Analysts and industry experts point to a number of reasons for Dell's troubles, including customer-service issues that have dogged the vendor over the past year, an inability to effectively communicate enterprise-class strengths to buyers and slowness in responding to a shifting IT market in which customers are looking beyond bargain hardware to competitively priced IT services. In addition, a consumer PC market weighted heavily toward retail sales isn't helping the bottom line for Dell, which has made its business selling built-to-order products directly, either over the phone or via the Internet.

'The perfect storm'

"In a sense this is the perfect storm for Dell," says Matthew Eastwood, vice president, enterprise server research at IDC. "Dell's strategy has traditionally been one of low cost and velocity, getting products to market in a timely fashion that have broad appeal across many different industries. . . . But there are new types of buyers emerging inside IT organizations, and they're focused increasingly on growing the business and a little bit less on taking cost out."

Where cost does come into play, Dell finds its advantage is not as great as it once was. "Competitors are reacting faster to price reductions," says Brooks Gray, a vice president at Technology Business Research.

Dell's core PC business grew at about the market rate in the second quarter, increasing 6%, while its market share remained steady at 34%, according to IDC. Meanwhile, HP gained ground, boosting PC shipments in the United States 16% to increase its market share from 18.6% to 20%.

Dell CEO Kevin Rollins acknowledged his challenges in May, when the company, which ranked fourth in the NW200 with $56 billion in revenue in 2005, delivered another quarter of disappointing earnings, reporting first-quarter net income of $762 million, or 33 cents per share. This was an 18% drop from the year-ago quarter, when its profits reached $934 million, or 37 cents per share.
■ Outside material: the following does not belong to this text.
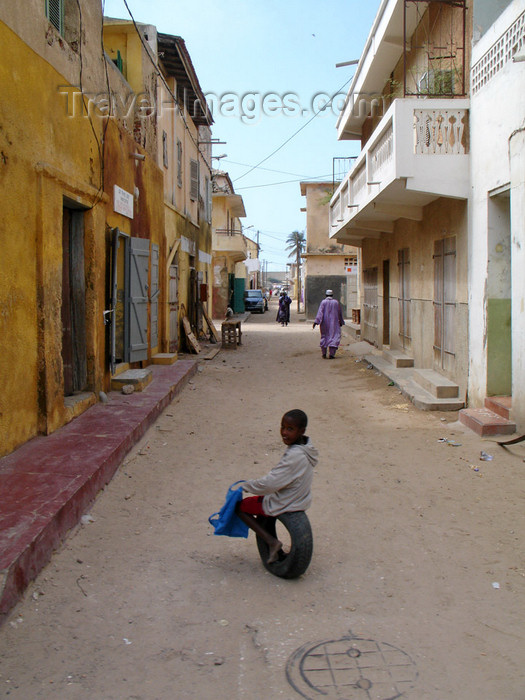 senegal68: Senegal - Saint Louis: street kid - photo by G.Frysinger - (c) Travel-Images.com - Stock Photography agency - Image Bank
"The competitive dynamic has been more intense than we planned for or understood," Rollins said in a conference call with financial analysts, according to a transcript posted to stock market opinion and analysis Web site SeekingAlpha. At the time, Rollins outlined a number of steps Dell is taking to get its business back on track, saying that pricing shifts were a small part. "We are rebuilding our model," he said, listing as priorities customer service, cost cutting and innovation.

Yet challenges continue

Nevertheless, Dell continued its bad news in July, when it announced its second-quarter earnings early, and said they would miss analyst estimates and be about $14 billion, or 21 cents to 23 cents per share. The news sent Dell's stock price tumbling to $19.91, the first dip below $20 since 2001. When Rollins took the CEO reins from Michael Dell in July 2004, Dell's stock price hovered around $35.